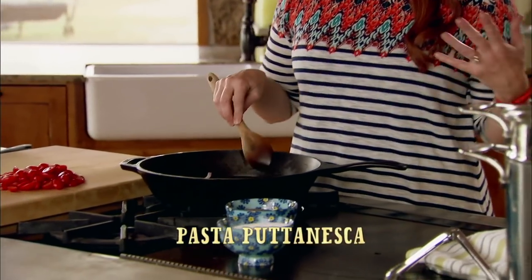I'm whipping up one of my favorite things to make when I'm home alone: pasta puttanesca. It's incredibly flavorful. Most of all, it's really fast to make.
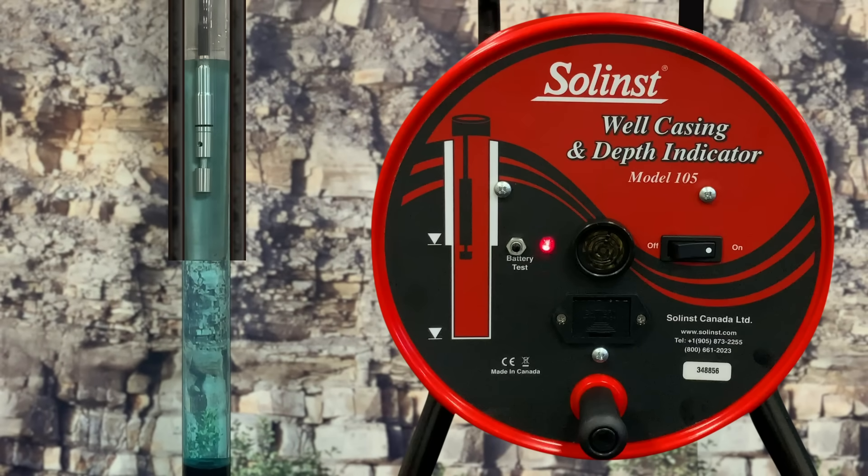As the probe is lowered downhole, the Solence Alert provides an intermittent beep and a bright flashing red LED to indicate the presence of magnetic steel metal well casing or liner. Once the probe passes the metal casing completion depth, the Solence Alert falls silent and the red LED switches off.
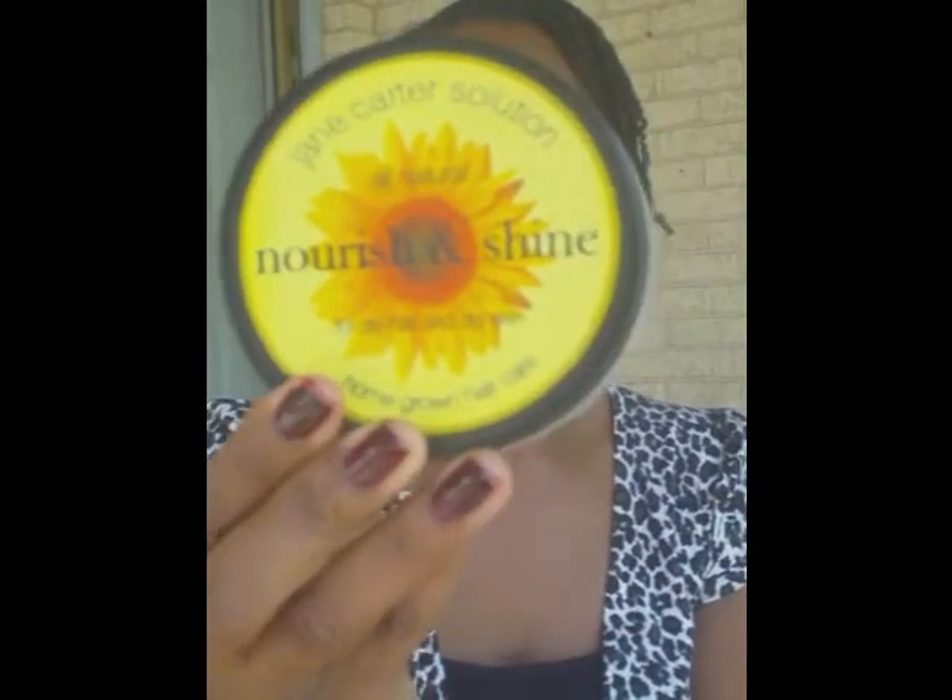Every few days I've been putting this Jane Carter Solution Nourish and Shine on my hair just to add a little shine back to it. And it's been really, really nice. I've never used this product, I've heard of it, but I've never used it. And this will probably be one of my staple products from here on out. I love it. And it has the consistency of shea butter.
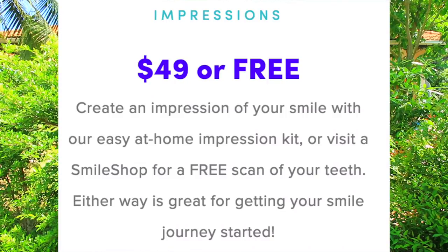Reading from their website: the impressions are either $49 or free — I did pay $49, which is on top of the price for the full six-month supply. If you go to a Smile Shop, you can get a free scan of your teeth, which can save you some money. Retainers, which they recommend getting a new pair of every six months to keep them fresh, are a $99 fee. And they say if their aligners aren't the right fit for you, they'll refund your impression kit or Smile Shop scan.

──────────

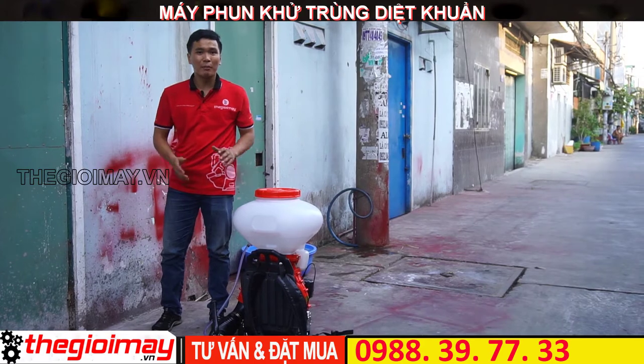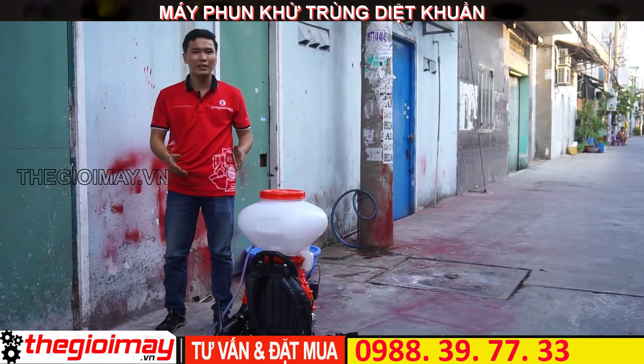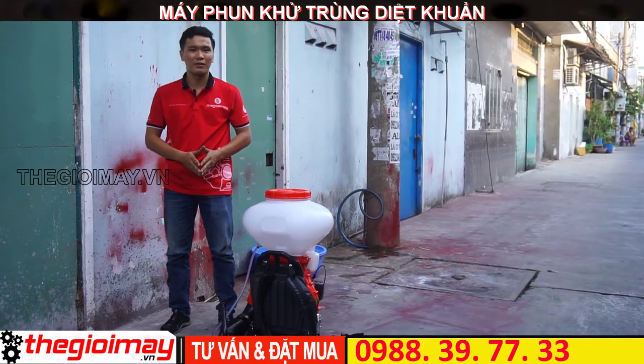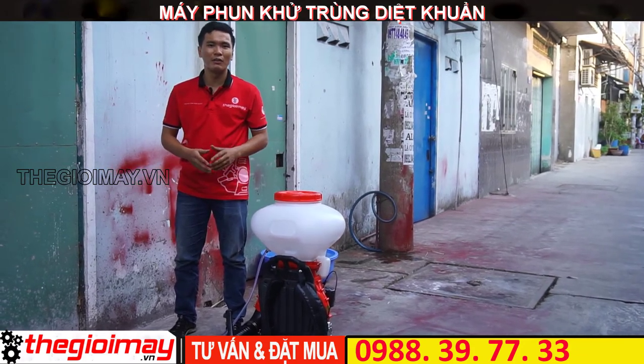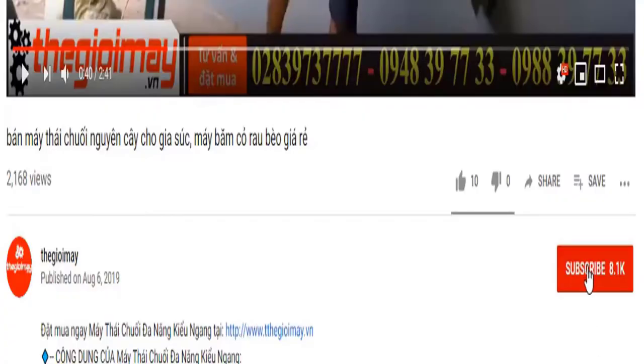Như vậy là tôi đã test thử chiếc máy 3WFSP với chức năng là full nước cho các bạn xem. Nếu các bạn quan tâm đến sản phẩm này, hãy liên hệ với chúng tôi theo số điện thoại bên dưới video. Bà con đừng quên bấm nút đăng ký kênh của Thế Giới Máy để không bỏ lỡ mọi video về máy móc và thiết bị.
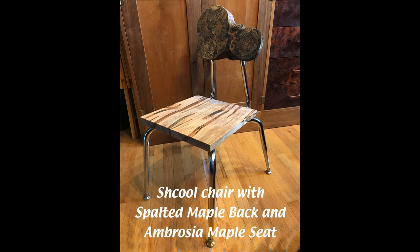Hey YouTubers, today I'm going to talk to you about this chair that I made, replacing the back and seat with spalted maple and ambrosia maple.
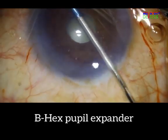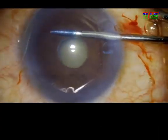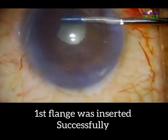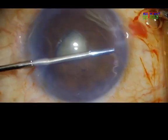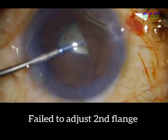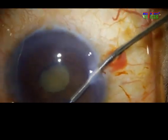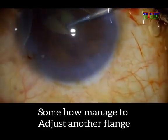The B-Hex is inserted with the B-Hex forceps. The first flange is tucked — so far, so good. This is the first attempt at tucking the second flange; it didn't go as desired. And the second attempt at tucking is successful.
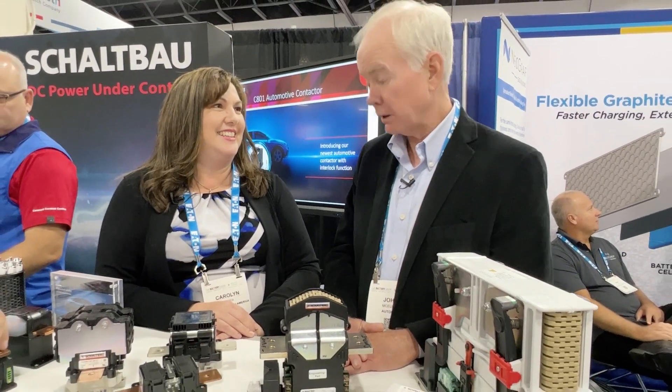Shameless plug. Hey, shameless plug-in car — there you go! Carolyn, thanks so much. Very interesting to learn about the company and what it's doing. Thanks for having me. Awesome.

──────────

PROBLEM ▸
In the listing above, find the line with "Every few days" and the line with "Reading from their". Transcribe those two and everything between, exactly, leaving out pictures.

RESULT OF THIS TASK ▸
Every few days I've been putting this Jane Carter Solution Nourish and Shine on my hair just to add a little shine back to it. And it's been really, really nice. I've never used this product, I've heard of it, but I've never used it. And this will probably be one of my staple products from here on out. I love it. And it has the consistency of shea butter.
Reading from their website: the impressions are either $49 or free — I did pay $49, which is on top of the price for the full six-month supply. If you go to a Smile Shop, you can get a free scan of your teeth, which can save you some money. Retainers, which they recommend getting a new pair of every six months to keep them fresh, are a $99 fee. And they say if their aligners aren't the right fit for you, they'll refund your impression kit or Smile Shop scan.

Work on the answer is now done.